#### TASK STATEMENT:
Match on the string "Black" in the entries below and return every matching line.

#### TASK INPUTS:
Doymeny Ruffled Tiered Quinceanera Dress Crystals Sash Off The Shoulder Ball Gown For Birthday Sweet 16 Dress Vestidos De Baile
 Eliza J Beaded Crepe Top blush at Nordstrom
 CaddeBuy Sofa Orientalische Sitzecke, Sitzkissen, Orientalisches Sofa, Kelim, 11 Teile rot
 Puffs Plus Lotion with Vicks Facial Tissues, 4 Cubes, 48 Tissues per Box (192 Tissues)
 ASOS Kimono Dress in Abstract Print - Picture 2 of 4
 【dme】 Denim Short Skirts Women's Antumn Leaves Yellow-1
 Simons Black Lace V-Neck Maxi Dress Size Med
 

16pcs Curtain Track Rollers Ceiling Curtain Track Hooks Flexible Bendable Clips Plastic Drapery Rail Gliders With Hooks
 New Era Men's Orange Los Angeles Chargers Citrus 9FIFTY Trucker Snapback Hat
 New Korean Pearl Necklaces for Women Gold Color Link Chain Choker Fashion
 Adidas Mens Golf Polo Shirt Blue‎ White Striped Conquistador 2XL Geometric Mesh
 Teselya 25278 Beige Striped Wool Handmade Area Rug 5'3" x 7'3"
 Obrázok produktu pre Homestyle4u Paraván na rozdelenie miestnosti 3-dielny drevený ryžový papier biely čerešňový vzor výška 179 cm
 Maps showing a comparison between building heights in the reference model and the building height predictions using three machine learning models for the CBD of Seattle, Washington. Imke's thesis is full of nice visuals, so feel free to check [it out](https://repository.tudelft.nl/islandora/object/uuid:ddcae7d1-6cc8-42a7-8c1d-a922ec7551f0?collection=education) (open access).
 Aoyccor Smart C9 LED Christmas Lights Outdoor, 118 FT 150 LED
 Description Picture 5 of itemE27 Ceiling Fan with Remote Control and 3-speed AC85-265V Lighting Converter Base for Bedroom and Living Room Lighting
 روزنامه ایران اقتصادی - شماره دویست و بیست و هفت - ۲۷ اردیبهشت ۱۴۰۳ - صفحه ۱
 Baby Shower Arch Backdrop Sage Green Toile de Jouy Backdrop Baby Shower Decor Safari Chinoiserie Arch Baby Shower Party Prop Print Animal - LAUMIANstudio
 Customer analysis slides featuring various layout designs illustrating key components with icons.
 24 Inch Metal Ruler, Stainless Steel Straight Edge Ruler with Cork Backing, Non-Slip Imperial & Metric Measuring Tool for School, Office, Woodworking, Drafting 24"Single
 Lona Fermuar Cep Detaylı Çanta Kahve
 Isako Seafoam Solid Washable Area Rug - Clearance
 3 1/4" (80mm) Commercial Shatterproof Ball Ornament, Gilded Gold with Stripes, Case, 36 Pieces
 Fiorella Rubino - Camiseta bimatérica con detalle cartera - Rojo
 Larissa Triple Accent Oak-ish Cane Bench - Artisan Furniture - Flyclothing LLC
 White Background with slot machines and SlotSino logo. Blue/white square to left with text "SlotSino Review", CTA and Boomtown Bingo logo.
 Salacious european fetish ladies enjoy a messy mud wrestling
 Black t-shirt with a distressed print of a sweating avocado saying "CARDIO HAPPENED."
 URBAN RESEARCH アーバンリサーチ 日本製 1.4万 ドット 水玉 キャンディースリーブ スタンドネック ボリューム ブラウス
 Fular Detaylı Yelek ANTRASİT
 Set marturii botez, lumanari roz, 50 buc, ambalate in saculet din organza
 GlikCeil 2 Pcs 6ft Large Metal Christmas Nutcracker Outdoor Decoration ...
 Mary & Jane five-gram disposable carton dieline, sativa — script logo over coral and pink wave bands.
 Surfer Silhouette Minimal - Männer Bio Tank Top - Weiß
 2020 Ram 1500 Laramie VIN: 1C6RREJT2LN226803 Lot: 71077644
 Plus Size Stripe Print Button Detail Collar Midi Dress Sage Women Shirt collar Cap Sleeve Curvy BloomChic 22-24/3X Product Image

#### SOLUTION TO THE EXERCISE:
 Simons Black Lace V-Neck Maxi Dress Size Med
 Black t-shirt with a distressed print of a sweating avocado saying "CARDIO HAPPENED."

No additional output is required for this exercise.